Çarşamba, Ekim 17

American Dreamz

Pele başlattı bu trendi, bizim Ertegünlerin Cosmos'una gitti. Sözde sonradan oluşma Amerikan ulusuna futbolu sevdirecek. Olur mu bu kadar çabuk mirim. Adamlar tüketim toplumu, önce şu futbolu tüketmeye hazır hale getir ki insanlar rahat kabullenebilsin. Neyse efendim ardından Avrupa'nın ünlüleri sırayla emekliliklerini geçirmek üzere gittiler Kuzey Amerika'ya. Kimler yok ki listede... Best, Müller, Matheus, Cruyff, Beckhanbauer ve daha niceleri. Bir türlü tutmadı maya.
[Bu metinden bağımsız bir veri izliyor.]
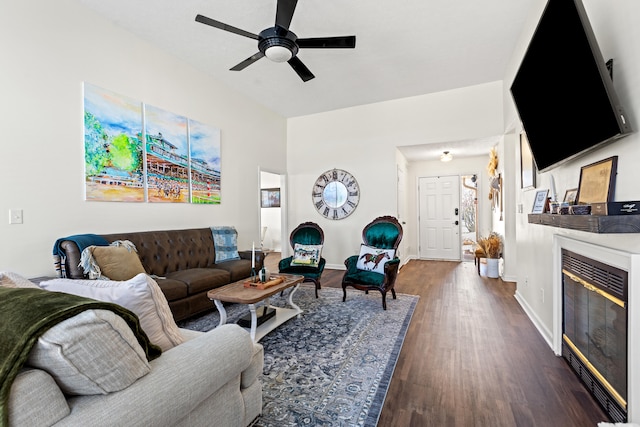 living room featuring ceiling fan and dark hardwood / wood-style flooring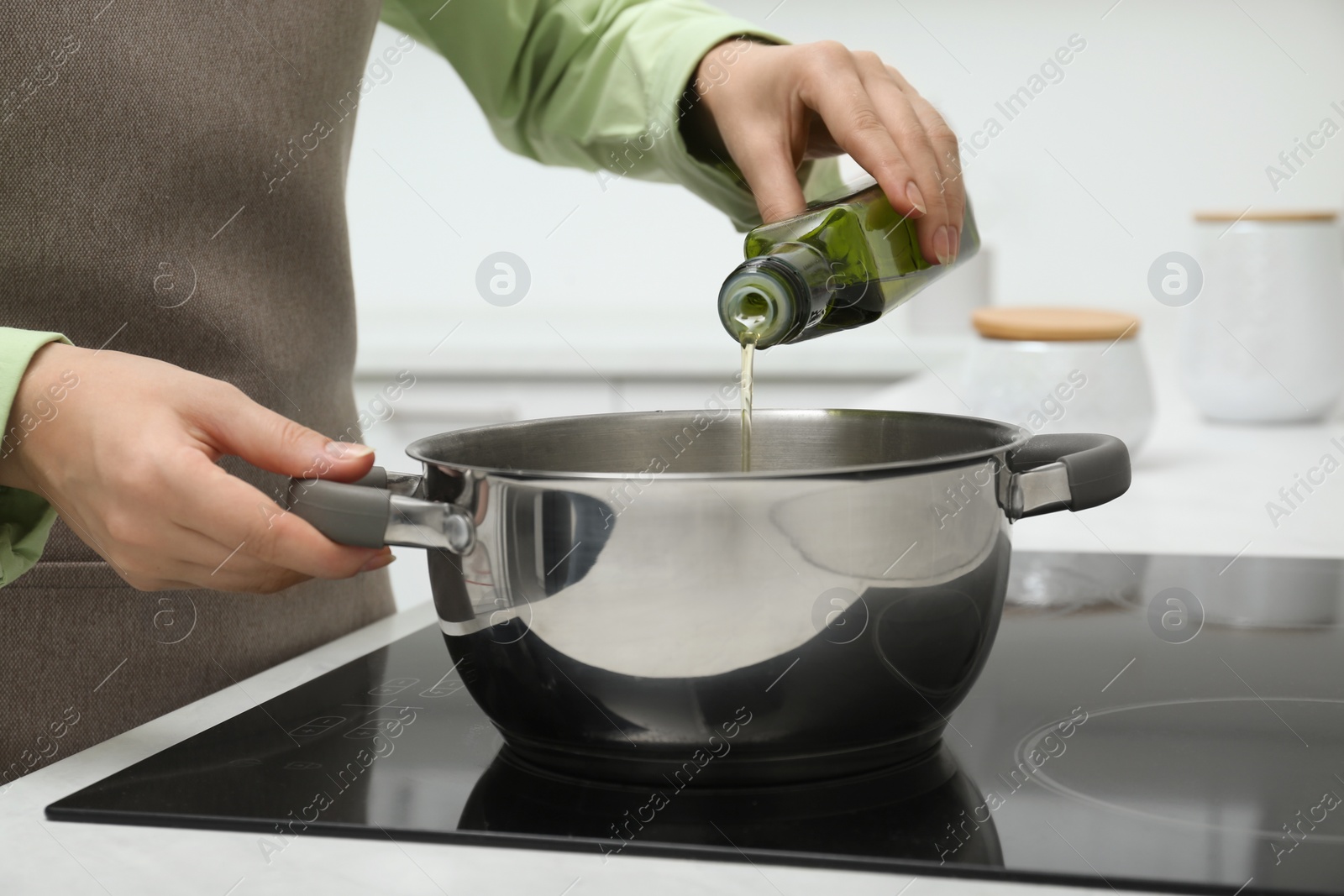 Photo of Woman pouring cooking oil from bottle into pot in kitchen, closeup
Amerikalılar futbolun küreselleşmesi ve kapitalist bir çehreye bürünmesi için dış dünyada var güçleriyle çalışırlarken kendi ülkelerinde ikonların ardına sığınarak yaz yağmurları estirdiler. Yılların "genç yeteneği" Adu'yu çıkardılar, tuttu biraz ama etki yine az. Bombayı patlattılar ve Beckham'ı LA Galaxy'e getirdiler. İşte size şov, işte para, alın izleyin. Çocuklarına harçlık vermekten başka görevleri olduğunu düşünmeyen zamane ebeveynleri misali. Beckham Hollywood'dan arta kalan zamanlarında oynuyor bu arada, belirtelim. Reklamdı, röportajdı, Victoria'ydı derken vakit çabuk geçiyor orada. Çekici yer vesselam.Olaylar böyle gelişirken bombayı Thierry Henry'den duyduk bugün. Resmen bitirdi kendini ama ne yaparsın. Laf ağızdan çıkmış bir kere: "I want to play in the US, and I love NY" Eller havaya, tempo. Sırada Figo'nun adı var. Göreceğiz. Bir de Hakan Şükür'ü gönderdik mi tamamdır, kozmopolitanlığı tamamlama babında.